Nice catch by the lefties at Mother Jones, delivering a hammer blow to the wedge of suspicion that already separates the GOP base from its congressional leadership on amnesty. There’s no immigration passage in Joni Ernst’s speech; there is one in Carlos Curbelo’s version, written and inserted by Curbelo himself — with the approval of GOP leaders.
In an interview after the speech, Curbelo said he chose to focus on immigration as well as other issues personally important to him – such as education and Cuba – aside from the party’s broader economic message that was reflected in Ernst’s rebuttal.

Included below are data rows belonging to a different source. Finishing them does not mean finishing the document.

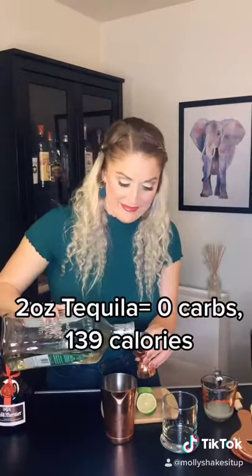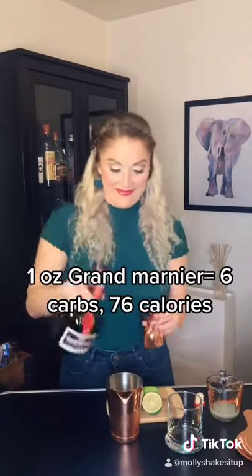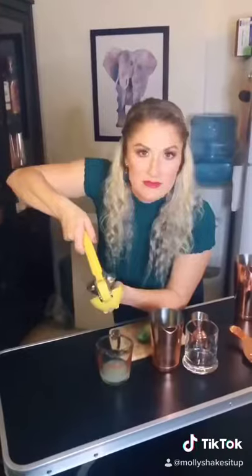This is part one of our low-carb cocktails. I'm going to show you how to make a margarita with minimal sugar. We're doing two ounces of tequila, one ounce of Grand Marnier, and an ounce and a half of fresh lime juice.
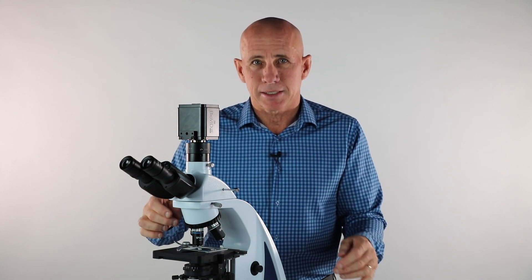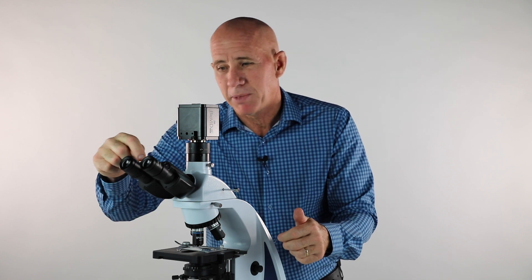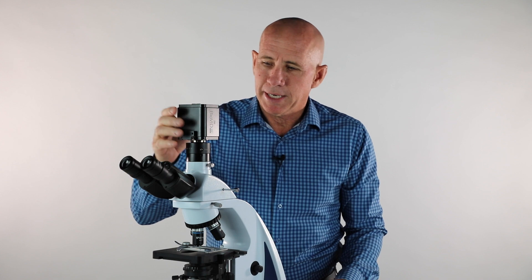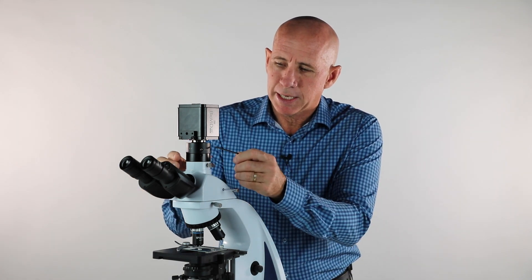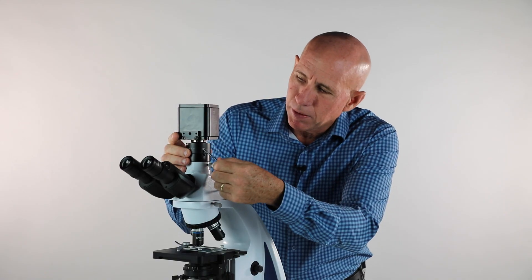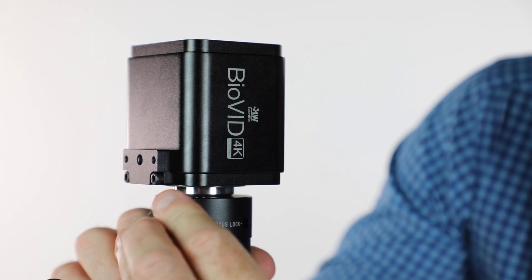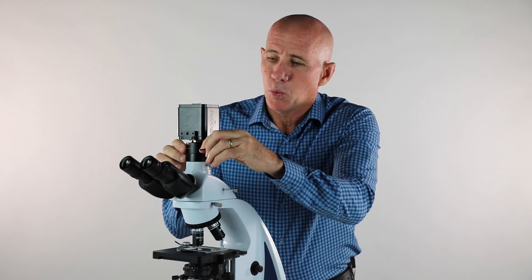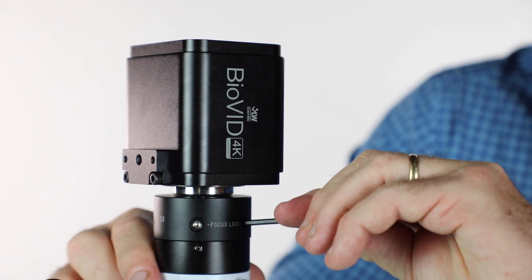Find something very distinct on your slide — one cell, for example — and focus on it through the eyepieces. Make sure your diopters are set correctly, meaning zero to the dot. Once you have something in focus through the eyepieces, look at your camera screen — it may be a little blurry. Take your Allen wrench, insert it into the lock on the trinocular pipe, and loosen it. While watching the camera screen, turn the focus until the image matches what you see through the eyepieces. Once it matches, lock it back down and you won't have to touch that again.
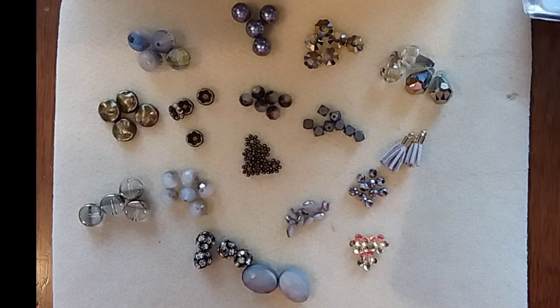For the bead mix in Earl Grey, this is what Jesse James Beads says: This bead mix is a cup of tea. The citrus and floral notes of Earl Grey are brought to life with this regal gray and antique gold mini mix. Featuring glass accent beads, metal beads, leather tassels, and flower-shaped bead caps, this mini mix is sure to add some charm to any piece. Largest bead measures 18.7 millimeter by 10.3 millimeter.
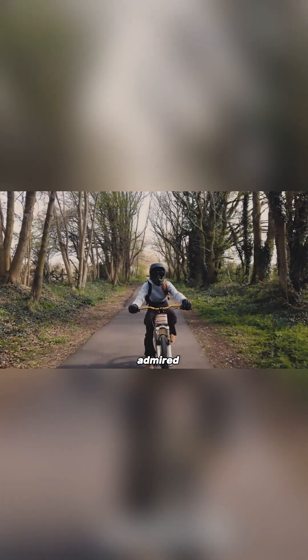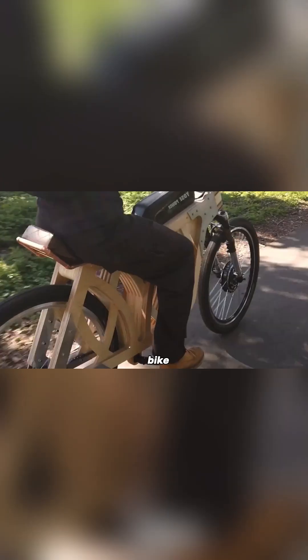She has always admired classic motorcycles, especially cafe racers and scramblers, and for a long time dreamed of owning an electric bike of her own. Creating one gave her the perfect chance to practice and improve her craftsmanship, and that's how the Electriplee came to life.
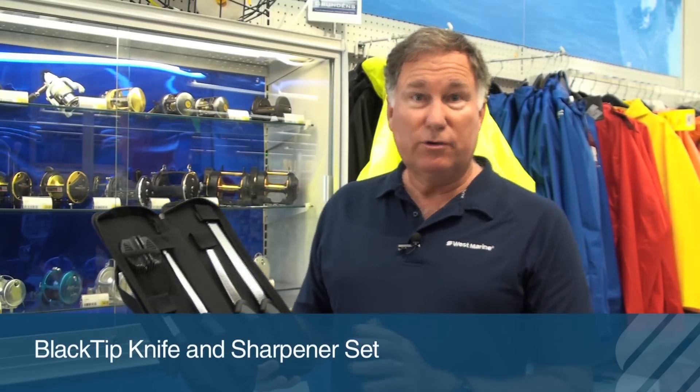This has really got some beautiful knives. These are all titanium bonded knives for very high corrosion resistance, comfortable double shot handles, and a nice zippered case to put them all away in.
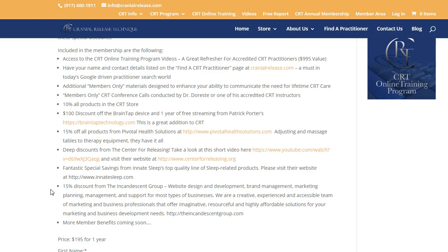There's also a 15% discount from the Incandescent Group — if you need a new website or need your website updated, these are the people who created my website. I highly recommend them; Michelle is a very good friend of mine and excellent at what she does.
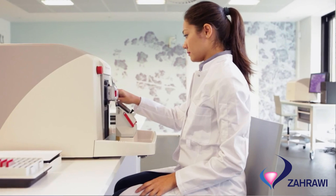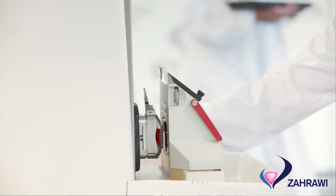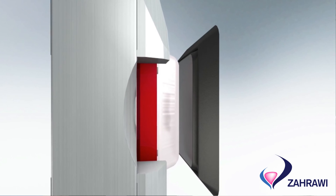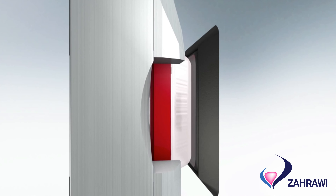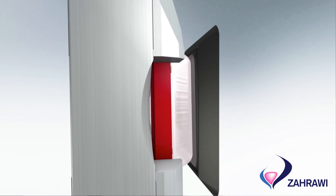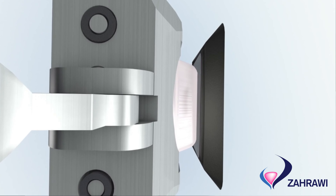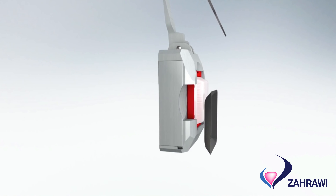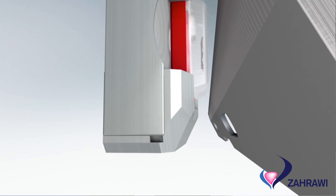There are a couple of key features that take it beyond there to help the pathology professionals. The first one is the auto-align technology, which allows us to align the block at the back of the system to make sure that the block goes down on the knife blade holder correctly.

He had asked for a copy of Ernst’s prepared remarks a few days in advance of Tuesday’s address, and then made his own additions, including the references to immigration. Leadership saw the remarks beforehand and were fine with them, Curbelo said. “I did not get any pushback whatsoever.”
If they wanted an immigration section, okay, but it was awfully stupid to greenlight it for Curbelo without insisting that Ernst include it too. Given conservatives’ well-founded fears that the GOP is prepared to sell out their concerns on amnesty in order to ingratiate themselves with Latino voters, having Ernst and Curbelo deliver different messages for English and Spanish speakers is far dumber than having each of them deliver the same few anodyne platitudes on the subject. And for cripes sake, if you’re going to pander on immigration reform, couldn’t you at least compensate a bit by emphasizing that executive action isn’t the way to go about it? Ernst’s speech contains one brief allusion to that, in all of six words: “We’ll work to correct executive overreach.” If you asked 100 Americans on the street to define “executive overreach,” maybe five could do it. She might as well not have mentioned it at all.
Incidentally, here’s how Politico translates the immigration section of Curbelo’s speech:
“We should also work through the appropriate channels to create permanent solutions for our immigration system, to secure our borders, modernize legal immigration, and strengthen our economy,” said Curbelo in Spanish. “In the past, the president has expressed support for ideas like these. Now we ask him to cooperate with us to get it done.”
The translation in the clip below, from American Bridge, doesn’t mention the part about securing the borders. Neither does Mother Jones’s translation. I think Politico is right, though: I can understand only bits and pieces of Spanish but it sounds like he says “asegurar nuestras fronteras” just before he mentions “modernizing” the immigration system. It’d be more of a scandal if Curbelo omitted border security when addressing a Spanish-language audience. He didn’t.
Speaking of which, the House GOP’s new “security first” bill is “security first” in the sense that they’re going to pass it before they pass an amnesty bill, not that it’ll actually be implemented before they pass a security bill. That’s worth … not much, huh?